## Image-text web data
============================================================

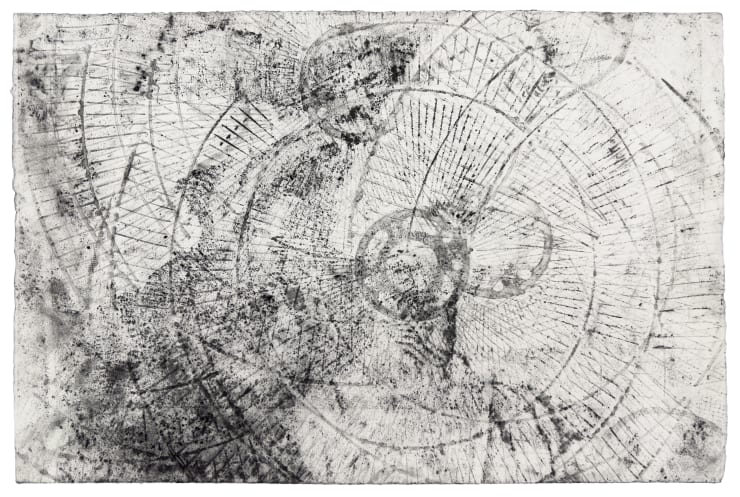 Vy Trinh, Fan Dust 11, 2025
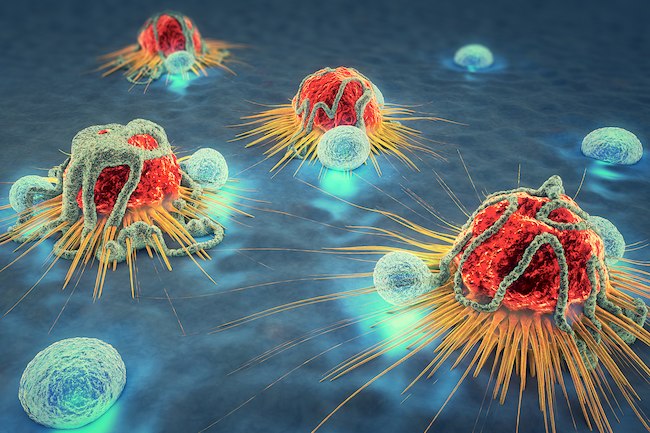 محدودیت رشد سلول‌های سرطانی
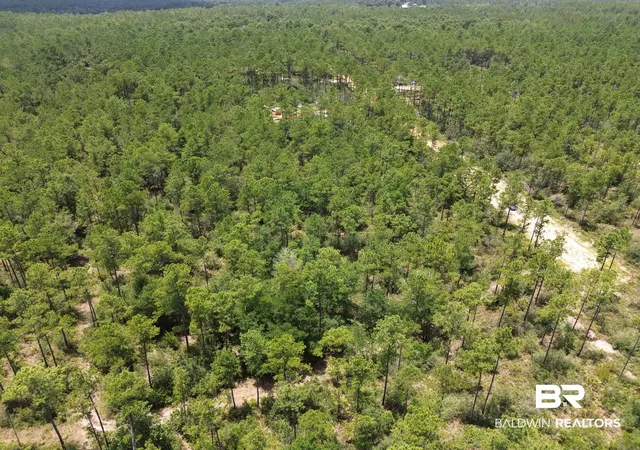 Photo 3 of Land for sale at 00 Kings Landing Rd, Seminole, AL 36574 | MLS# 398766 | Listing updated on 2026-08-07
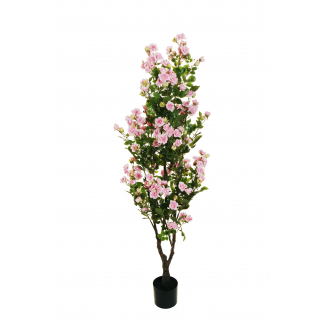 Pianta rosa "Polyantha" con vaso nero, fiori rosa e foglie verdi
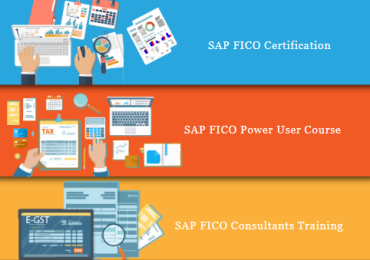 Best SAP FICO Training in Delhi, Mayur Vihar, SLA Institute, Free SAP Server Access with 100% Job Placement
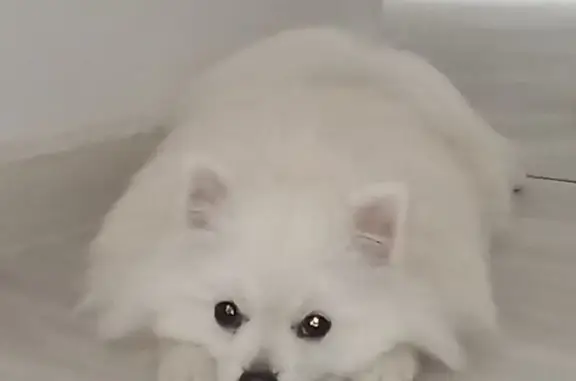 Собаки потеряшки, Чебоксары, фото: Потеряшка собака, ул. Пирогова, 2, Чебоксары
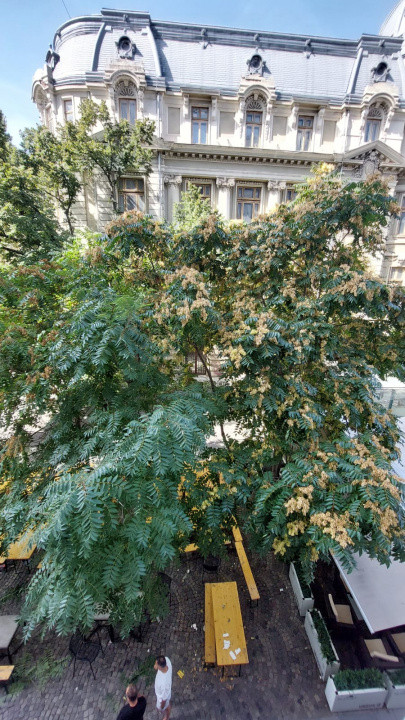Apartament 4 camere, Piața Universității 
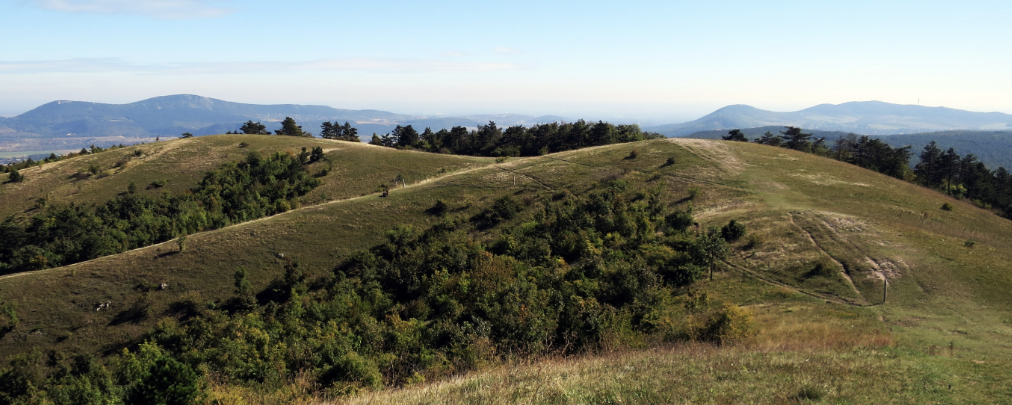 Ne vedd magad túl komolyan! (Szépjuhászné Hétvége)  - 42 / 21 / 12 / 6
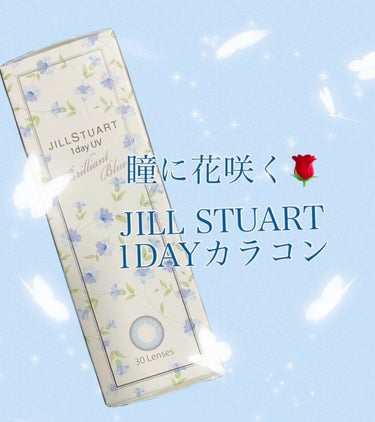 JILL STUART 1day UV/JILL STUART/ワンデー（１DAY）カラコンの動画クチコミ5つ目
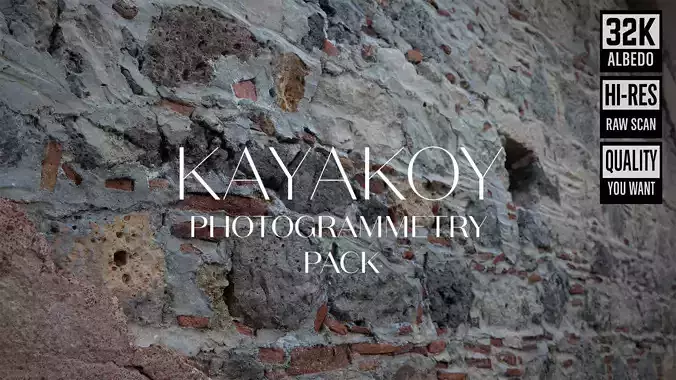 Abandoned Village Surface Scan - Stone Wall 18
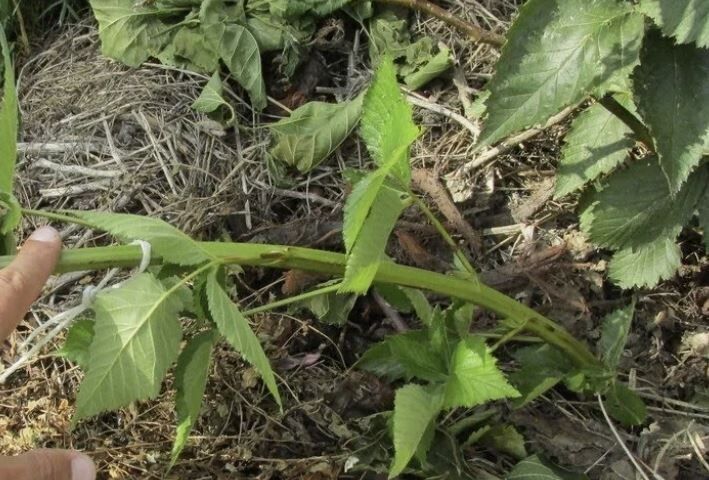 ����������� ���������� �������: ������� ������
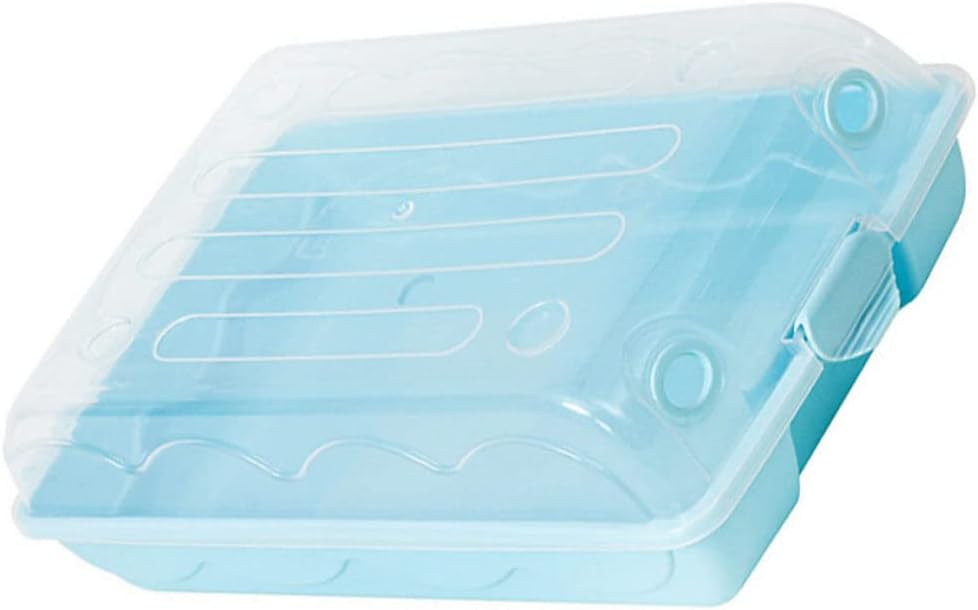 NOLITOY 1 caja de plástico para zapatos, ropa interior de mujer, zapatos de gimnasio para botas, contenedores de zapatos, organizador de cajones de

============================================================

## TASK GOAL
The lines to reproduce run from the one above containing "Photo 3 of Land" through the one containing "Best SAP FICO". Copy them exactly and leave out all pictures.

## FINISHED EXERCISE
 Photo 3 of Land for sale at 00 Kings Landing Rd, Seminole, AL 36574 | MLS# 398766 | Listing updated on 2026-08-07
 Pianta rosa "Polyantha" con vaso nero, fiori rosa e foglie verdi
 Best SAP FICO Training in Delhi, Mayur Vihar, SLA Institute, Free SAP Server Access with 100% Job Placement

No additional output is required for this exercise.